*** INFORMATION SHOWN ***
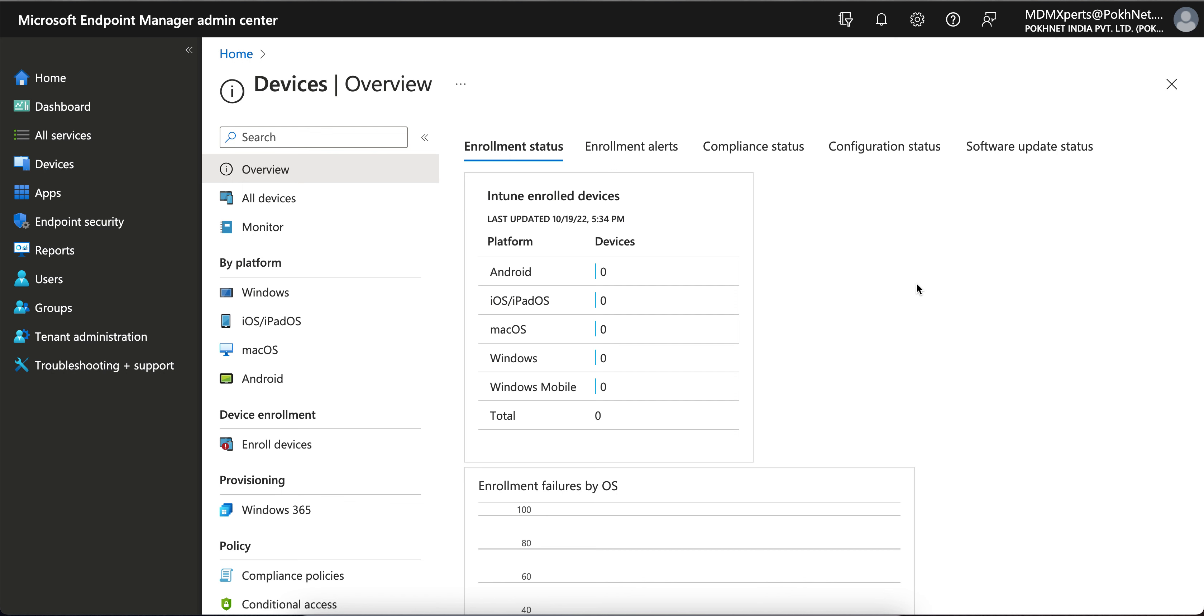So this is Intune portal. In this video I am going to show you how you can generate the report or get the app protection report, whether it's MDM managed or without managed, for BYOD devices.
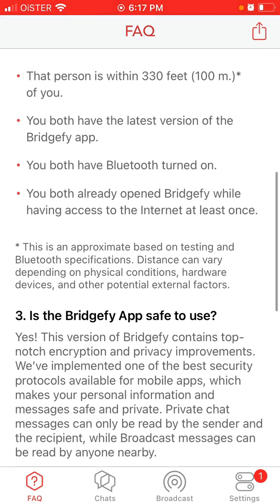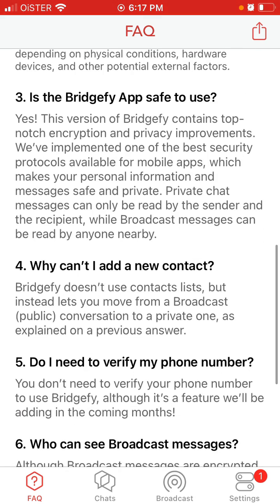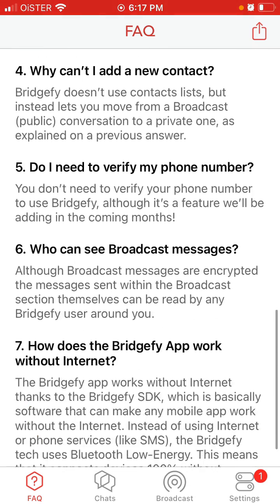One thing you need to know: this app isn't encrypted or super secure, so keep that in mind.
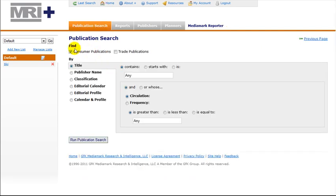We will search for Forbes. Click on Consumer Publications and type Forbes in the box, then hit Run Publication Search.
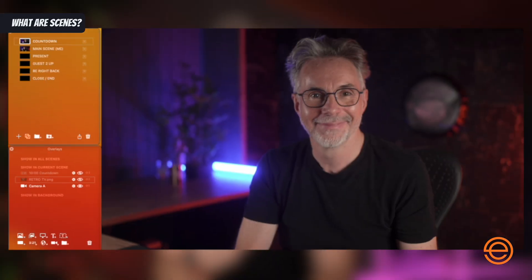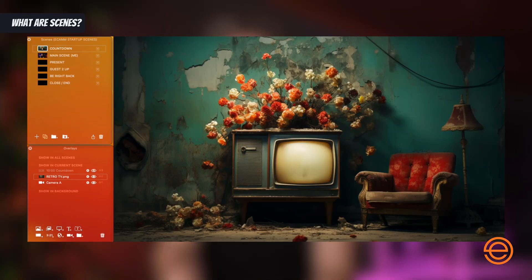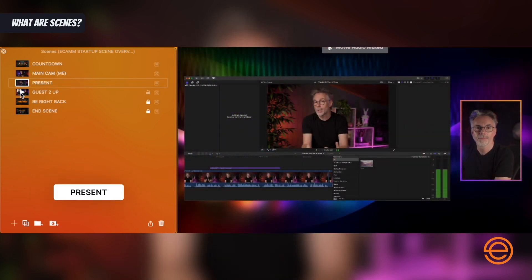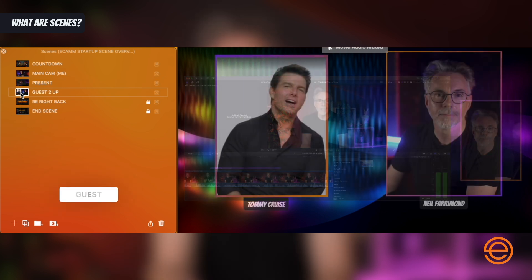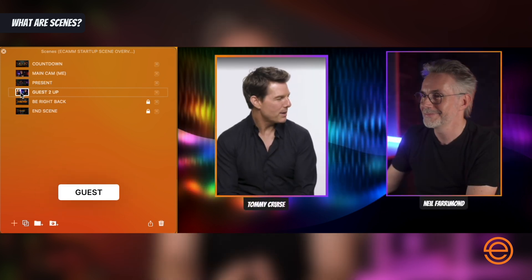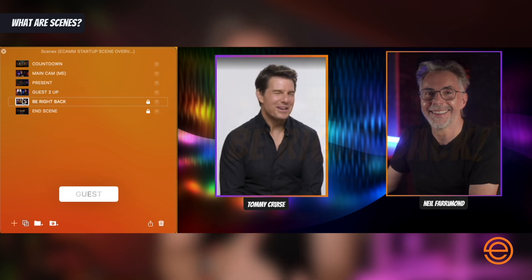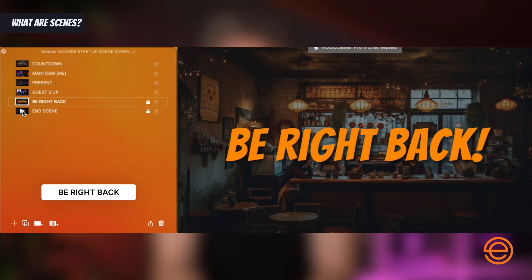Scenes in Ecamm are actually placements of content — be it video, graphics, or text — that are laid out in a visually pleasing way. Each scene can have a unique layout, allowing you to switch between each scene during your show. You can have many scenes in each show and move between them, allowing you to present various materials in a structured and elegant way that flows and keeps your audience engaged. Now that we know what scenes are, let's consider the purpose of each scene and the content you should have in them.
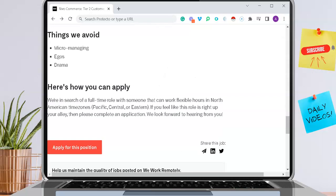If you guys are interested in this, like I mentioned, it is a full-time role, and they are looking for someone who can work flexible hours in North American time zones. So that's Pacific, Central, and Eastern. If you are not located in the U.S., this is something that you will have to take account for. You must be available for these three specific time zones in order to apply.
*** End of INFORMATION SHOWN ***
*** INFORMATION SHOWN ***
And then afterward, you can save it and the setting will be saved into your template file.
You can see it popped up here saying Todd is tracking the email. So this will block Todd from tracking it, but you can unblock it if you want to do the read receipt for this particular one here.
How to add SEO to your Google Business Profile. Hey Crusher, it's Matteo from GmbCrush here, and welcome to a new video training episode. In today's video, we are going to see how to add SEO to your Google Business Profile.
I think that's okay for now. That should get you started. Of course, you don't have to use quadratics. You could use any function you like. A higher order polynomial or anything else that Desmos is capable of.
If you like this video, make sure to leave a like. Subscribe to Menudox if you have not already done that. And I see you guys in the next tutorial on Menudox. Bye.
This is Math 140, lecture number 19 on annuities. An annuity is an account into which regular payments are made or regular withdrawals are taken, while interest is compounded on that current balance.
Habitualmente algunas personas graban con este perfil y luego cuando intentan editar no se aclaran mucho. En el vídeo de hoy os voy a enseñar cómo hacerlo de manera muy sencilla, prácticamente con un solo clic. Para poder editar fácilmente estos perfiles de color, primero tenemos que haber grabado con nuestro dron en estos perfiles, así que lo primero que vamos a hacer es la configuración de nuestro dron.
*** End of INFORMATION SHOWN ***
WORK REQUIRED — Write out exactly the lines above from the line with "How to add SEO to your Google Business Profile. Hey" through the line with "This is Math", both of them included, and leave out all other lines.

SOLUTION —
How to add SEO to your Google Business Profile. Hey Crusher, it's Matteo from GmbCrush here, and welcome to a new video training episode. In today's video, we are going to see how to add SEO to your Google Business Profile.
I think that's okay for now. That should get you started. Of course, you don't have to use quadratics. You could use any function you like. A higher order polynomial or anything else that Desmos is capable of.
If you like this video, make sure to leave a like. Subscribe to Menudox if you have not already done that. And I see you guys in the next tutorial on Menudox. Bye.
This is Math 140, lecture number 19 on annuities. An annuity is an account into which regular payments are made or regular withdrawals are taken, while interest is compounded on that current balance.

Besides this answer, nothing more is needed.